ところが、「連合国」(United Nations)の一員であるアメリカ合衆国は自らが「国連」(United Nations)のようにふるまった。そして、日本の非武装は米軍の駐留によって補完されることになった。すくなくとも米軍はそう考えている。また、前文の「諸国民の公正と信義に信頼して、われらの安全と生存を保持しようと決意した」は、米軍から見れば、国連=連合国=米国との信頼関係において日本の「安全」が保持されるということになり、それは、2015年の安保法制によってほぼ仕上げられた。
なぜ沖縄の人びとの抗議にも関わらず、米軍は居続け、新基地を造ろうとさえしているのか。なぜ米軍関係者が犯罪や事故を犯しても、日本の司法を妨げるのか。それは、日米合同委員会を頂点するシステムによって、日本は米軍に占領されているからだ。
では、わたしたち日本人がしなければならないことは何か。国連軍のふりをして70年いすわっている米軍に撤退させることである。日本政府がしなければならないことだ。

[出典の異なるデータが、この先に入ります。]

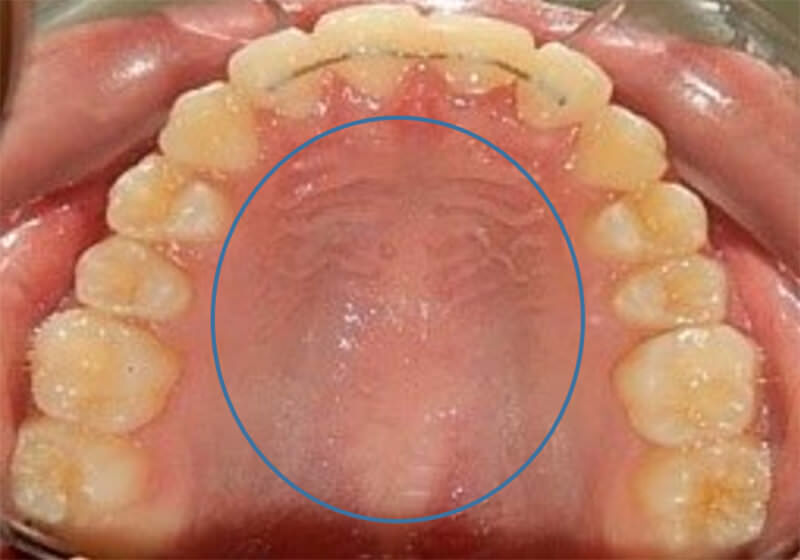 Fig.19 oclusal superior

日本は主権国家なのだから。
けれども、わたしたちにはもうひとつしなければならないことがある。大韓民国、朝鮮民主主義人民共和国、中華人民共和国、中華民国など、大日本帝国下の日本軍が侵略し、奪い尽くし、殺し尽くした国々に、徹底的に根本的に謝罪をすることだ。何度でもそこに帰ってくることができるような、原点となる謝罪をすることだ。謝罪は、もう蒸し返してくれるな、というような類いのものではなく、むしろ、これからの平和な関係のために、何度でもそこに立ち帰ることができるような、普遍性のある言語的営みでなくてはならない。
侵略してしまった国々に謝罪をし、侵略している国に抗議をする。主権国家の基本だ。